How to find common variants in multiple VCF files

“What are the SNPs or variants that are shared in common between two VCF files I created (e.g. from different SNP discovery pipelines, or two treatments of an experiment)?”, you might ask.

Below, I provide a post based on my recent answer to this ResearchGate question that provides some solutions for this problem.

First, the vcftools --diff <filename> --diff-site option would work for this specific case. This option for the --diff flag is listed in the documentation as having the following function:

“Outputs the sites that are common / unique to each file. The output file has the suffix “.diff.sites_in_files”.”

To mention other options, bcftools is supposedly faster at this, and if you use bcftools what you want is the intersection function, isec. On mac or Linux with bcftools installed, you could use something like the following (where $ is the command line prompt) to get the list of SNPs at the intersection of two or more VCF files:

$ bcftools isec -n +2 file1.vcf.gz file2.vcf.gz | bgzip -c > isec_file1-v-2_out.vcf.gz

Alternatively, if you wanted just statistics on the numbers of SNPs/variants or genotypes in common between files, you could use the vcf-compare tool that comes with vcftools.

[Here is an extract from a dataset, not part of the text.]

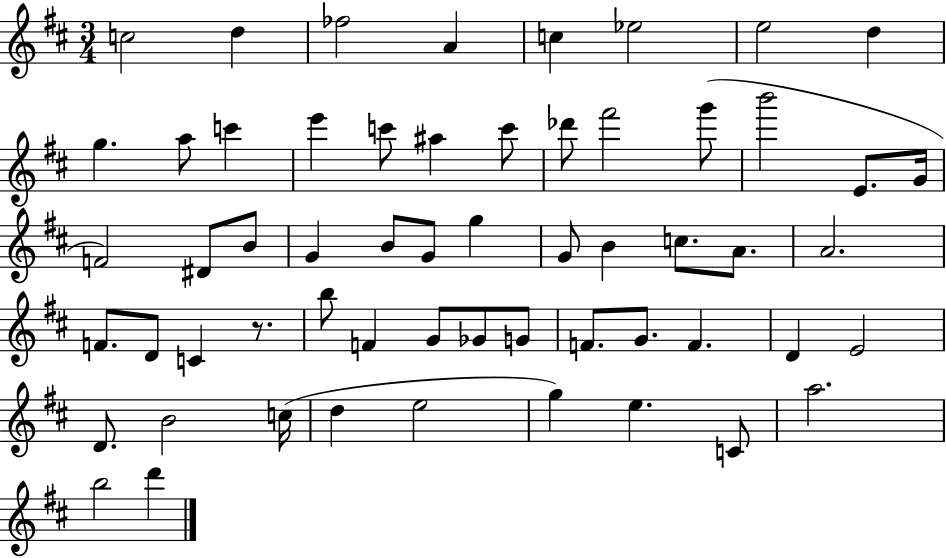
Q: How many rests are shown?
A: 1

See the documentation here.

Once you had the output of running these programs in hand, it would then be possible to do a number of things, such as report common/different SNPs between runs or treatments, conduct statistical anlaysis, or create a Venn diagram of common/different SNPs between multiple VCF files to visualize the differences. Personally, I can validate this by saying that I recently ran vcf-compare and bcftools isec (as per above) and used the results to generate a Venn diagram with jvenn, shown below:

jvenn-generated Venn diagram comparing SNPs between two different SNP assemblies

This is showing a comparison of the VCF file from the original SNP discovery analysis for one dataset, and a second run of the SNP discovery pipeline on the same dataset, but with technical replicates removed (blue). Results are 99.4% similar, and the classical Venn helps us visualize the very minute difference between these results.

Hope this helps someone.